Now, as more U.S. states have legalized cannabis, American firms have overshadowed their Canadian peers. And some Canadian companies, unable to export into the U.S. with its larger population, stagnated. But a series of creative deals may upend those dynamics.
Tilray Inc.’s purchase of MedMen Enterprises Inc.’s debt last week is the latest example. It’s similar to the first such creative cross-border deal, Canopy Growth Corp.’s option to buy U.S. company Acreage Holdings. Both could let Canadian companies buy a U.S. target if legalization occurs. It’s the third deal that gives Tilray a leg up on U.S. legalization: Its Aphria merger gave it SweetWater Brewing Company in Atlanta, which it can leverage to make THC drinks or distribute cannabis in the Southeast, while Manitoba Harvest could convert to selling THC edibles.

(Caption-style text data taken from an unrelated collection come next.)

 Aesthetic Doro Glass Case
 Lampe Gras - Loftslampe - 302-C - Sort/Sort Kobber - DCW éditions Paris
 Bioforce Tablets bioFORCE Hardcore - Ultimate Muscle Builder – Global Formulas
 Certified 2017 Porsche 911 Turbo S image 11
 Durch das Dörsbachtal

Canadian retailer Fire & Flower also made a creative cross-border deal earlier this month by opening a dispensary in Palm Springs, California. While Canadian companies can’t export marijuana to the U.S., the store was created through a licensing partner, American Acres, which officially changed its name to Fire & Flower U.S. Holdings. The licensing agreement will also let it open stores in markets like Arizona, Nevada and other areas in California over the coming months, Fire & Flower said.

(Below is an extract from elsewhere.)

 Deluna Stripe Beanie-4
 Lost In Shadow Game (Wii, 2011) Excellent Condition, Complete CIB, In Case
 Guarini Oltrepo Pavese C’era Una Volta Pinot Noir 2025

Then there’s Scotts Miracle-Gro, which has gotten a boost from selling cultivation equipment into the cannabis market. The company is barred from getting into “plant-touching” businesses because it’s traded on the New York Stock Exchange. But the maker of fertilizer and gardening supplies this month invested $150 million in Toronto-based cannabis investment firm, RIV Capital. Chief Executive Officer Jim Hagedorn said the deal will let Scotts “participate directly in a larger marketplace as the legal environment changes over time.” The structure was made “with full appreciation of current banking and legal requirements,” Hagedorn said in the statement.